Ten important things I learned while strolling through the Academy of Motion Picture Arts & Sciences’ Governors Ball, the first stop for the stars after the show on Oscar night:
1. Public Displays of Affection are allowed. Just ask couples ranging from Jude Law and Sienna Miller, who cuddled and smooched all night, to Johnny Depp and wife Vanessa Paradis, who were never more than a few inches from each other throughout the evening, to Blake Edwards and Julie Andrews, who left the party arm in arm, to Renee Zellweger and her Oscar, which was often seen clutched tightly to her bosom.
2. Charlize Theron definitely knows how to make an entrance, lighting up the room when she walked in and working all the power players with a polished sense of poise and a winning smile. When she’s off in a private corner with boyfriend Stewart Townsend or smoking a ciggie with gal pal director Patty Jenkins, she was as giddy and giggly as a schoolgirl.
3. If Oprah Winfrey likes what you have to say, she’ll grab your hand when you’re talking, radiating even more warmth and sincerity than if you press your hand to the TV while watching her show. Oprah likes me, she really likes me!
4. Johnny Depp doesn’t eat his dessert. Peter Jackson does.
5. The husband and wife “team” of Jamie Lee Curtis and Christopher Guest may be seen in the same place, but rarely at the same time. I’ve noticed the couple on the awards circuit the last several weeks, including the Golden Globes and Writers Guild Awards and now the Governors Ball, but never actually side by side.
6. John Cusack is a babe magnet.
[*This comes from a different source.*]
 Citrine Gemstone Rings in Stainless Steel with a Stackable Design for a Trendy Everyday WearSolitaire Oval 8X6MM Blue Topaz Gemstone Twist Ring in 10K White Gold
Was there ever a moment he wasn’t surrounded by beautiful women?
7. At high-end Hollywood parties, stars of nominated films get all the free champagne they want, even if they are under 21. We won’t name names.
8. Apparently I look similar to Finding Nemo director Andrew Stanton, because more than one person asked me if I was the Oscar winner who first told his wife he loved her in an eighth grade note. I wonder if I could’ve parlayed that somehow to get a seat next to Naomi Watts…?
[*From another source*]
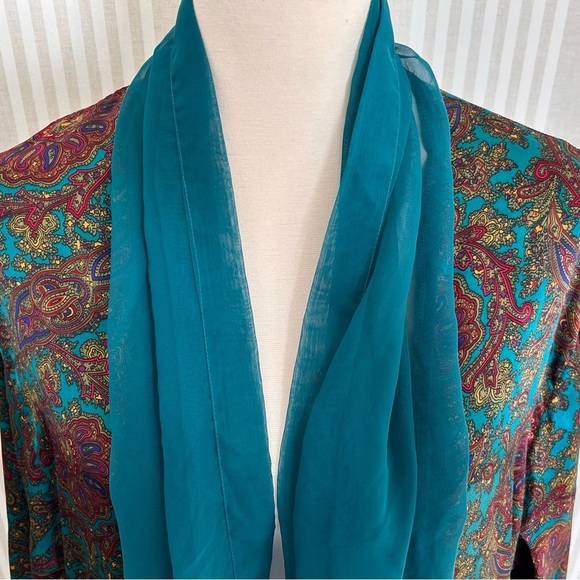 Victoria's Secret Vintage Gold Label Turquoise  Paisley Robe Size Medium - Picture 4 of 11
9. I didn’t quite manage to see all 11 Lord of the Rings Oscars at one time, but I came darn close: As Liv Tyler fawned over Peter Jackson, there were six of the Golden Guys sitting atop his table, then another two trophies a few feet away at composer Howard Shore’s table, and one more a table away stationed next to producer Barrie Osbourne, for a grand total of nine. The whereabouts of the remaining two–still a mystery.
10. When Julia Roberts has left the building, the party’s over! Ms. Roberts sashayed out of the Governors Ball at about five minutes to 11 (presumably to party-hop to some of the other swanky soirees around town) and apparently in Hollywood circles, when the Pretty Woman calls it a night, it’s OK to bail. Guests streamed out of the party following her departure, and the party was officially DEAD by 11:45.